L’art qui réconforte

Grâce à la Fondation de l’art pour la guérison, les séjours à l’hôpital sont plus supportables…

Fondation de l'art pour la guérison.Peinture de Marc Séguin - Photo de Roger Aziz

En 2001, Earl Pinchuk, 39 ans, a fait une pause d’un an de son entreprise familiale de linge de maison, pour se consacrer à sa véritable passion : travailler dans une galerie d’art contemporain. Chaque jour, il partait en éclaireur à la découverte d’un atelier ou deux et voyait des centaines d’œuvres. Puis il retrouvait son conjoint, Gary Blair, et tous deux gravissaient la côte séparant le centre-ville de Montréal de l’hôpital Royal Victoria, où leur ami Yves se mourait de complications du sida. Le couple avait orné sa chambre de souvenirs : des photos de ses chiens, des plantes en pot, son couvre-lit préféré. Mais ils n’avaient pas pensé aux murs.

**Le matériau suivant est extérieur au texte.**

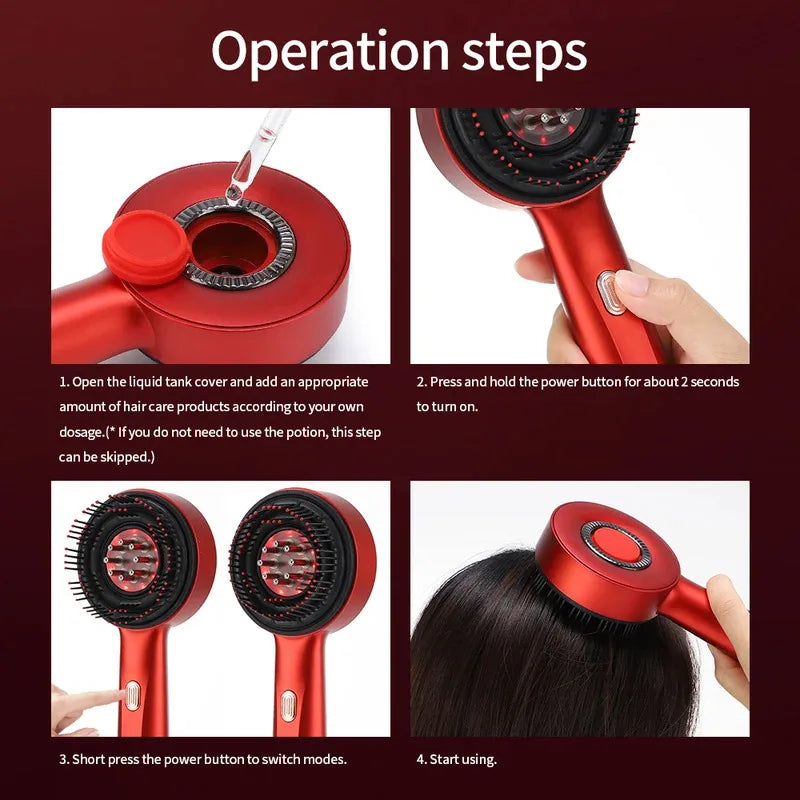 peigne de massage glowcomb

« Après coup, nous nous sommes rendu compte que notre ami, un artiste, était mort entouré de murs vides », raconte Gary. Montréal regorgeait de galeries d’art contemporain, mais l’art était absent des hôpitaux et des établissements de santé, où le besoin d’inspiration et de réconfort était pourtant criant.

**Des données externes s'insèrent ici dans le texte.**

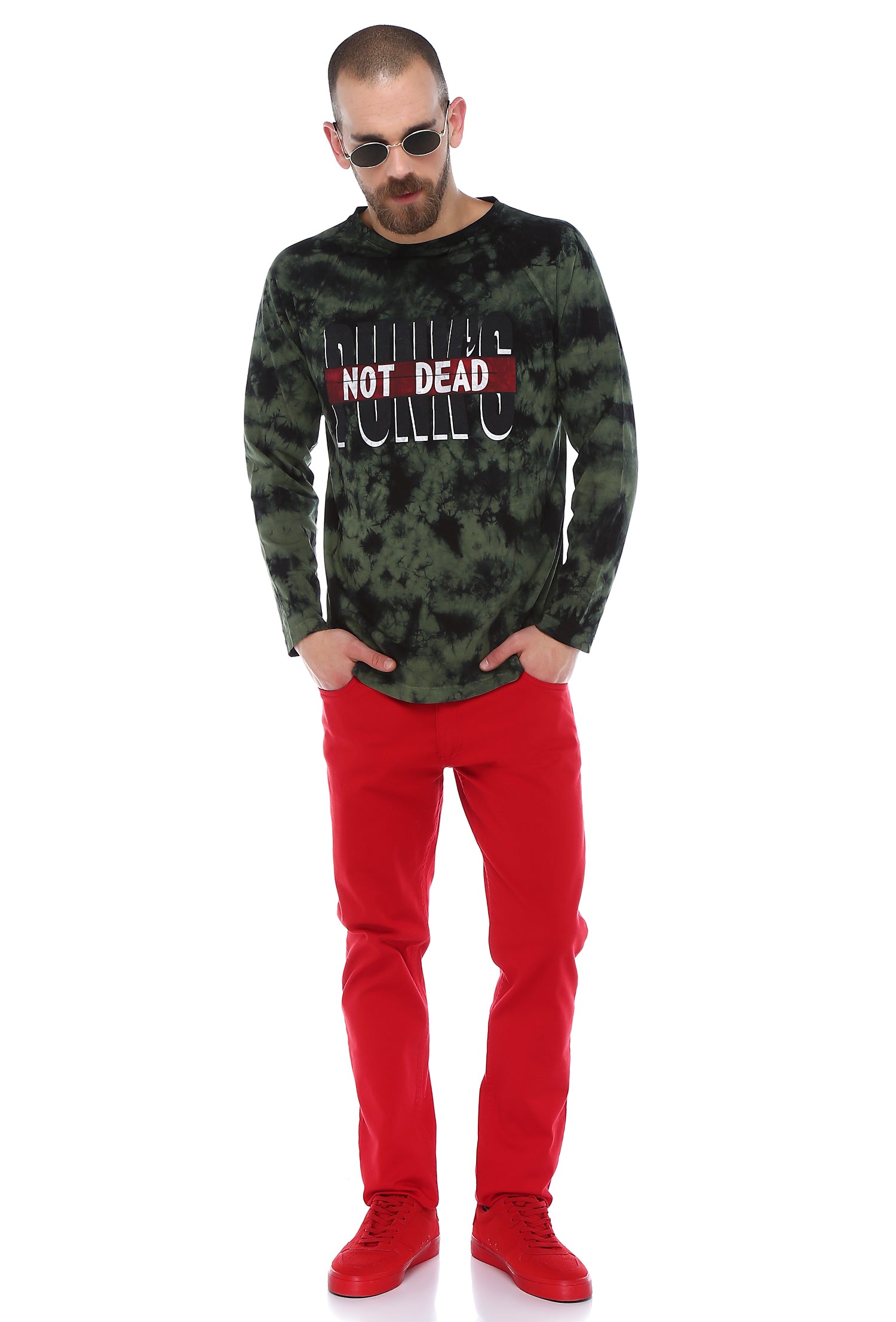 Rockupy Men Sweatshirt - Rockupy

Six mois plus tard, Gary et Earl rencontraient l’équipe pédiatrique de l’Hôpital pour enfants de Montréal. Leur plan était simple : grâce aux 8 000 $ amassés lors du 40e anniversaire de Earl en février 2002, leur nouvelle Fondation de l’art pour la guérison allait acquérir 100 reproductions de première qualité auprès d’une agence de graphisme, pour les offrir à l’hôpital.Les trois premières œuvres, des représentations colorées d’animaux exotiques et d’enfants se donnant la main, ont été installées dans le service d’hématologie en janvier 2003. D’autres ont ensuite été accrochées aux murs des chambres de sept enfants vivant à l’hôpital en raison de la gravité de leur état ou de leur situation familiale. Six d’entre eux ont choisi des scènes extérieures.

Le couple a passé l’essentiel des 13 années suivantes à promouvoir les vertus thérapeutiques de l’art. (Gary, qui possède une entreprise de communications, consacre soirs et week-ends à la Fondation, dont Earl est depuis 2006 le seul employé.) Avec plus de 10 000 dons, L’art pour la guérison, présente dans 76 institutions publiques, offre désormais des œuvres originales de 400 artistes, dont Betty Goodwin, Kent Monkman et Marc Séguin, aux centres de réadaptation, instituts de cardiologie, hôpitaux psychiatriques et autres établissements canadiens. Chacun a des besoins spécifiques : la nudité et les animaux effrayants sont proscrits dans les hôpitaux pour enfants ; on trouve souvent de l’art abstrait en soins palliatifs. La collaboration avec le Centre gériatrique Maimonides Donald Berman de Côte-Saint-Luc, à Montréal, est l’une des réussites de la Fondation, qui a décoré les sept étages du bâtiment avec 1 200 œuvres.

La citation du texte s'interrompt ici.